The investigator replicated the man’s floor using the same type of rug and carpet pad, and set it alight. The test produced the same patterns without the use of a liquid accelerant.
The prisoner’s appeal was denied anyway. “I don’t want to see arsonists go free,” said the investigator, “but I certainly don’t want to see innocent people go to jail.”

Nor are defense attorneys blameless, as they often fail to challenge junk science or research advances in arson investigations. “Lawyers don’t educate themselves about the science,” noted Gretchen Bennett, executive director of the New England Innocence Project.

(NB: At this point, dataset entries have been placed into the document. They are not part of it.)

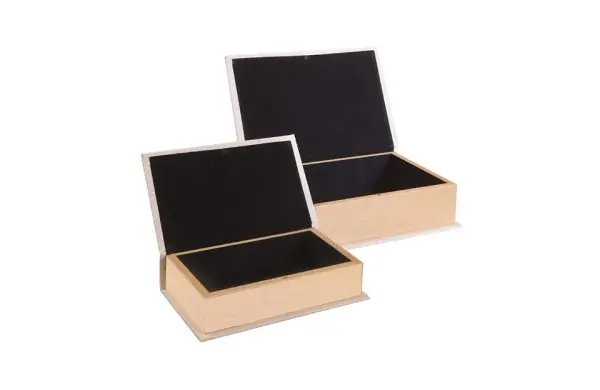 S/2 Book Boxes 44009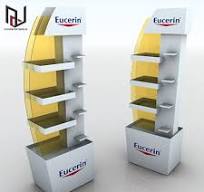 Floor cosmetic display rack wholesale display stand - SQ DISPLAY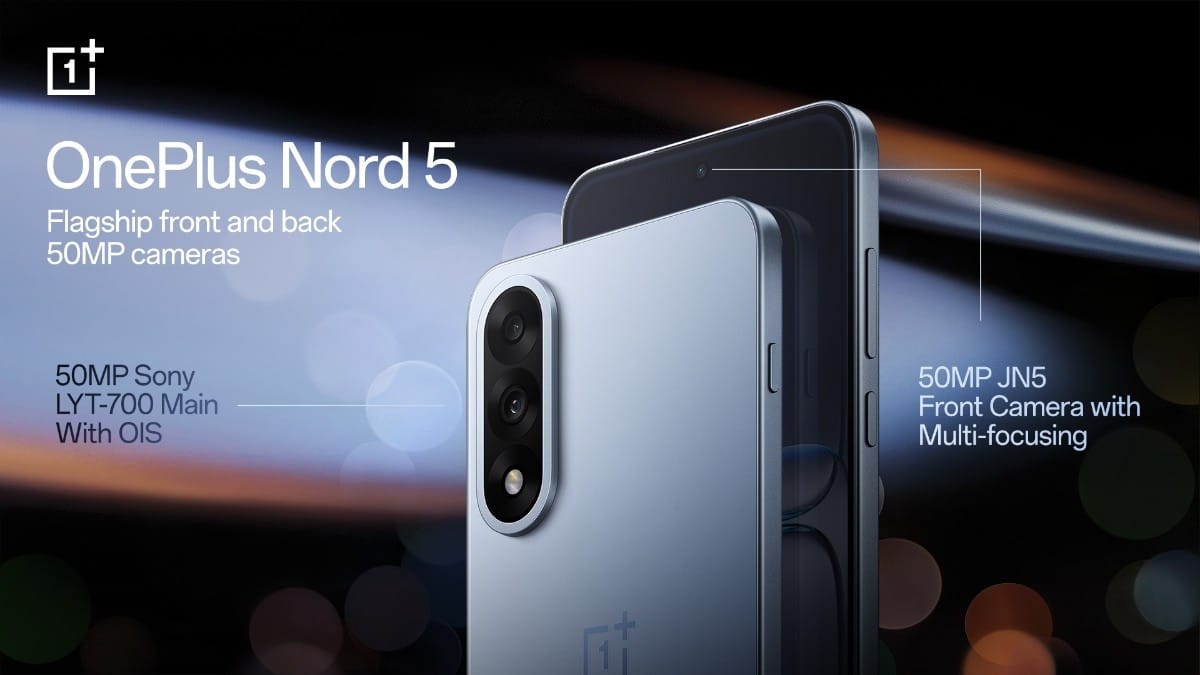 OnePlus Nord 5 to feature 50MP dual cameras, support 4K video recording on front and back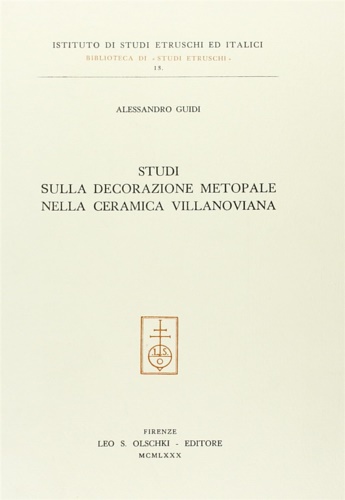 9788822229700-Studi sulla decorazione metopale nella ceramica villanoviana.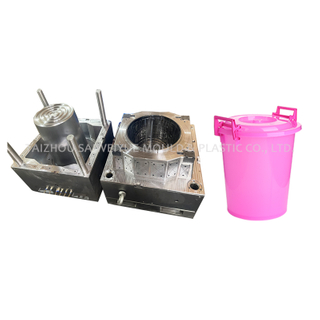 200L Plastic Bucket Injection Water Barrel Mold PP Drum Mould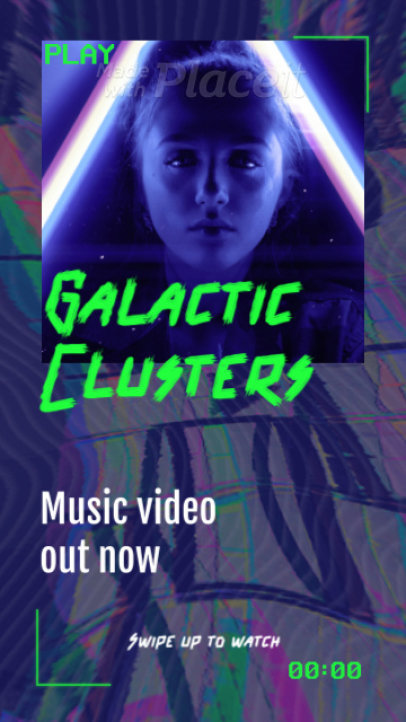 Instagram Story Video Creator with a Cool Futurist Theme for an EDM Artist 2201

Scientific advances have never been quick to catch on. Consider Galileo, who was imprisoned for his then-heretical belief that the Earth revolved around the Sun. But that was before the dawn of empirical science, which bases assumptions – or hypotheses – on observable, testable data.

Today, there is no excuse for shunning such scientific methods. Yet while DNA evidence has been widely embraced, modern arson science is slow to be accepted in courthouses across the nation. In fact, an argument can be made that the medieval church was in some ways more accepting than we are today: at least Galileo was allowed to live despite his scientific beliefs. Willingham was not so fortunate, despite scientific evidence that weighed heavily in favor of his innocence.